Dueling student loan challenges could pave way for high court double header
President Joe Biden brought another emergency application to the Supreme Court on Friday, fighting to unpack lower court roadblocks that are standing in the way of his student loan forgiveness plan.
Coming only one day after the court agreed to hear full briefing in another challenge, Biden is asking the justices to block a ruling from a Texas judge who vacated the program last month. Biden’s application asks the high court to stay the lower court ruling, but U.S. Solicitor General Elizabeth Prelogar suggests the justices could also hear this challenge alongside the case from Republican-led states.
Two student loan borrowers — Myra Brown and Alexander Taylor — are challenging Biden’s plan because they fail to meet the qualifications to benefit from it. Brown is ineligible because she took out private loans and Biden’s plan forgives only federal loans. Taylor does not qualify for the greatest possible amount of relief that is only open to borrowers who were given loans related to their income qualifications.
Brown and Taylor claim they were not given the opportunity to comment on the program. If the government had allowed a notice and comment period, the borrowers claim they would have urged the education secretary to open up more opportunities for relief.
A district court denied Brown and Taylor's procedural claims because the authority Biden used to forgive student loan debt — the Higher Education and Opportunities Act — exempts the secretary from notices and comment procedures. But the judge held that this use of the Heroes Act caused Brown and Taylor injury and thus exceeded the secretary’s authority — a claim the borrowers had not made.
Prelogar notes that this ruling caused borrowers across the country to lose relief offered in the president’s plan, and it cost Taylor $10,000 that would have been offered if the plan were to go into effect.
The Fifth Circuit declined a stay pending appeal.
Arguing that the district court’s ruling should be reversed, Prelogar urges the justices to offer the administration relief in this case.
“The district court profoundly erred by raising and deciding a claim that respondents did not assert and could not have asserted consistent with Article III,” Prelogar wrote in Biden’s application. “And the Secretary’s plan in any event falls squarely within the plain text of his statutory authority.
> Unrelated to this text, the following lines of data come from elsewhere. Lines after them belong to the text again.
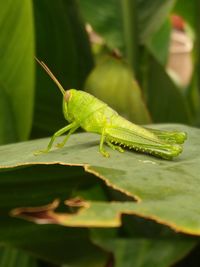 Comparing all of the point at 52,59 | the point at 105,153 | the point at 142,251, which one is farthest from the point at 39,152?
the point at 52,59

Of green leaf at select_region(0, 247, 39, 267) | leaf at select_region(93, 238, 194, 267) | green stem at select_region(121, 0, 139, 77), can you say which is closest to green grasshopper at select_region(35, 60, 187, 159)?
leaf at select_region(93, 238, 194, 267)

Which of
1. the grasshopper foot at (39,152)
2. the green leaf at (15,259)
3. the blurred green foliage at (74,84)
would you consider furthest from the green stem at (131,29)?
the grasshopper foot at (39,152)

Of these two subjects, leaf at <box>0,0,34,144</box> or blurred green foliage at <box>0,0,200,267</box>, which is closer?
blurred green foliage at <box>0,0,200,267</box>

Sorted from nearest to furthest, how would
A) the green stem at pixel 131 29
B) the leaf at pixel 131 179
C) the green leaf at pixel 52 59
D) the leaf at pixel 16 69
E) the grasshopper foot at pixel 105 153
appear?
the leaf at pixel 131 179 → the grasshopper foot at pixel 105 153 → the leaf at pixel 16 69 → the green leaf at pixel 52 59 → the green stem at pixel 131 29

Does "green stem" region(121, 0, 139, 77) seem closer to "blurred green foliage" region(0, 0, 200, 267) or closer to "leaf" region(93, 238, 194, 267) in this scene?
"blurred green foliage" region(0, 0, 200, 267)

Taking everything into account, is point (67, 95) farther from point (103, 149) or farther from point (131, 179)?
point (131, 179)

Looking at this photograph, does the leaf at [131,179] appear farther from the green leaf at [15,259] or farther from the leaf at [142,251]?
the green leaf at [15,259]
Indeed, the entire purpose of the HEROES Act is to authorize the Secretary to grant student-loan-related relief to at-risk borrowers because of a national emergency — precisely what the Secretary did here.”
While Prelogar says the high court shouldn’t need any additional briefing to offer relief in this case, she invites the justices to add this challenge to its docket as well.
“Here, the government submits that the district court’s extraordinary departure from principles of party presentation and Article III warrants an immediate stay, without the need for further briefing,” Prelogar wrote. “If, however, the Court is not prepared to grant that relief now, it may wish to defer a decision on the application pending oral argument, treat the application as a petition for a writ of certiorari before judgment, and grant certiorari so that this case can be heard along with Nebraska.”
Even if the court granted Biden relief on this application, Biden would still be blocked from acting on his debt relief program until the court rules on a challenge brought to GOP-led states.
It is not clear when the court could respond to the government’s application. The challenge to Biden’s student debt relief plan from six Republican-led states will be heard by the court in February. Biden has extended a pause on student loan payments while the legal battle proceeds.